# Assignment
From the first entry to the last, repeat the listing exactly.
• • • • • • •
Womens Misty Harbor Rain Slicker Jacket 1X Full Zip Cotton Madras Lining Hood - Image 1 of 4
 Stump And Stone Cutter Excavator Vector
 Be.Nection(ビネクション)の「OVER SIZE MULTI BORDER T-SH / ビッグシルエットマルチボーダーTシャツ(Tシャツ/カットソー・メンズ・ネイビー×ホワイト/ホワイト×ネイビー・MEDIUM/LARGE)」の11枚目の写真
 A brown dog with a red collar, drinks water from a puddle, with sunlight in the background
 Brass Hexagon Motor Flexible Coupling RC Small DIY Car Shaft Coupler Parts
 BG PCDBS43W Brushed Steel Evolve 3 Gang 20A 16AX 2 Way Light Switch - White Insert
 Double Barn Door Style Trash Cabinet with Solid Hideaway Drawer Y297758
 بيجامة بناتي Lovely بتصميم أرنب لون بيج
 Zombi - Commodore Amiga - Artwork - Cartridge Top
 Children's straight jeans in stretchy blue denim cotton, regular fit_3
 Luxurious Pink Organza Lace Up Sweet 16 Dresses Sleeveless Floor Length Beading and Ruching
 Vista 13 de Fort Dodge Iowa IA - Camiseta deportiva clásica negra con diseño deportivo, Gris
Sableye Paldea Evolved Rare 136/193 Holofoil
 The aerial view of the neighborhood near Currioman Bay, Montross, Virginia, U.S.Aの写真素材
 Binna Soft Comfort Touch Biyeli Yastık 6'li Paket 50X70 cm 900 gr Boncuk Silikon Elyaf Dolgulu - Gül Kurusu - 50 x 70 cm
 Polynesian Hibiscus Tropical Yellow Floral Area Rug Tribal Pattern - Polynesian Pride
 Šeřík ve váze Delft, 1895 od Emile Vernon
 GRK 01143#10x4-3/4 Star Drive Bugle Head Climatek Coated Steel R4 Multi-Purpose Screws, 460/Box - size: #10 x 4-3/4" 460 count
• • • • • • •
# Result of the task
Womens Misty Harbor Rain Slicker Jacket 1X Full Zip Cotton Madras Lining Hood - Image 1 of 4
 Stump And Stone Cutter Excavator Vector
 Be.Nection(ビネクション)の「OVER SIZE MULTI BORDER T-SH / ビッグシルエットマルチボーダーTシャツ(Tシャツ/カットソー・メンズ・ネイビー×ホワイト/ホワイト×ネイビー・MEDIUM/LARGE)」の11枚目の写真
 A brown dog with a red collar, drinks water from a puddle, with sunlight in the background
 Brass Hexagon Motor Flexible Coupling RC Small DIY Car Shaft Coupler Parts
 BG PCDBS43W Brushed Steel Evolve 3 Gang 20A 16AX 2 Way Light Switch - White Insert
 Double Barn Door Style Trash Cabinet with Solid Hideaway Drawer Y297758
 بيجامة بناتي Lovely بتصميم أرنب لون بيج
 Zombi - Commodore Amiga - Artwork - Cartridge Top
 Children's straight jeans in stretchy blue denim cotton, regular fit_3
 Luxurious Pink Organza Lace Up Sweet 16 Dresses Sleeveless Floor Length Beading and Ruching
 Vista 13 de Fort Dodge Iowa IA - Camiseta deportiva clásica negra con diseño deportivo, Gris
Sableye Paldea Evolved Rare 136/193 Holofoil
 The aerial view of the neighborhood near Currioman Bay, Montross, Virginia, U.S.Aの写真素材
 Binna Soft Comfort Touch Biyeli Yastık 6'li Paket 50X70 cm 900 gr Boncuk Silikon Elyaf Dolgulu - Gül Kurusu - 50 x 70 cm
 Polynesian Hibiscus Tropical Yellow Floral Area Rug Tribal Pattern - Polynesian Pride
 Šeřík ve váze Delft, 1895 od Emile Vernon
 GRK 01143#10x4-3/4 Star Drive Bugle Head Climatek Coated Steel R4 Multi-Purpose Screws, 460/Box - size: #10 x 4-3/4" 460 count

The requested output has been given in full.